Validation with this schema is accomplished via a software tool. This software, external to the schema, will provide three possible levels of validation: (1) Basic XML validation according to the MARC XML Schema; (2) Validation of MARC21 tagging (field and subfield); (3) Validation of MARC record content, e.g., coded values, dates, and times.

From the announcement:

By collaboratively developing a communications schema, the Library of Congress encourages the standardization of MARC 21 exchange records in the XML environment, recognizing that MARC 21 records inside systems will continue to use different record configurations, tailored to the characteristics of the system. Provision of the tools for transformations to and from other metadata approaches, such as Dublin Core and the Metadata Object Description Schema (MODS), will help to standardize derivative metadata records also. MODS is a new schema for a bibliographic element set that is a subset of MARC expressed in XML with language-based rather than numeric tags. The tools take the mappings between MARC and other metadata sets, that have been maintained on the MARC web site, to an operational level.

One project interested in a standard, lossless MARCXML schema is the Open Archive Initiative (OAI) which found it necessary to draft a schema in the absence of an official one. The Library of Congress worked with the OAI to provide a transformation from the original oai_marc schema to this one so the Initiative can take advantage of a schema that is maintained by the MARC 21 maintenance agency and in broad use. The transformation is available from the MARCXML web site.
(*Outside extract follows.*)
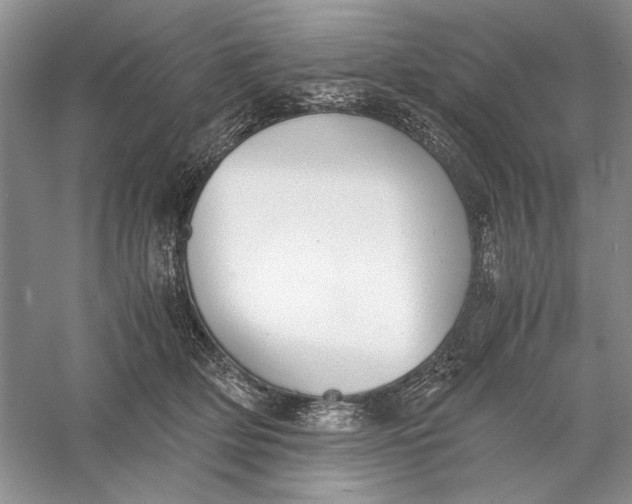 X0000056000514200509092049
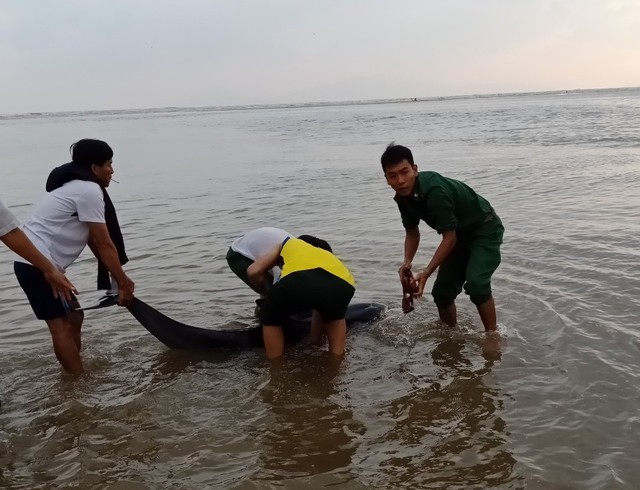 Cứu rùa xanh quý hiếm bị thương, cá heo mắc cạn ở bờ biển Hội An  - Ảnh 2.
With the slim approach, schema-driven validation is only possible at the highest structural level. The Network Development and MARC Standards Office will therefore maintain downloadable tag, subfield, and value validation software on the web site that will enable users to build validation programs for their needs. Use of these standard validations represent another attempt to assure standardization of records to support effective record interchange.

The Library has maintained two SGML DTDs (for Bibliographic-type and Authority-type records) since 1996, which take a different approach to the data elements in MARC B an approach that enables validation of data through the DTD itself but requires a very large DTD and DTD maintenance. The Bibliographic-type DTD was converted to an XML DTD in 2000. These DTDs have been effectively used by some agencies (including the Library of Congress), primarily for internal processes, therefore transformations between them and the new slim MARCXML schema are being provided. Maintenance techniques and/or possible revision of the XML DTDs are under consideration.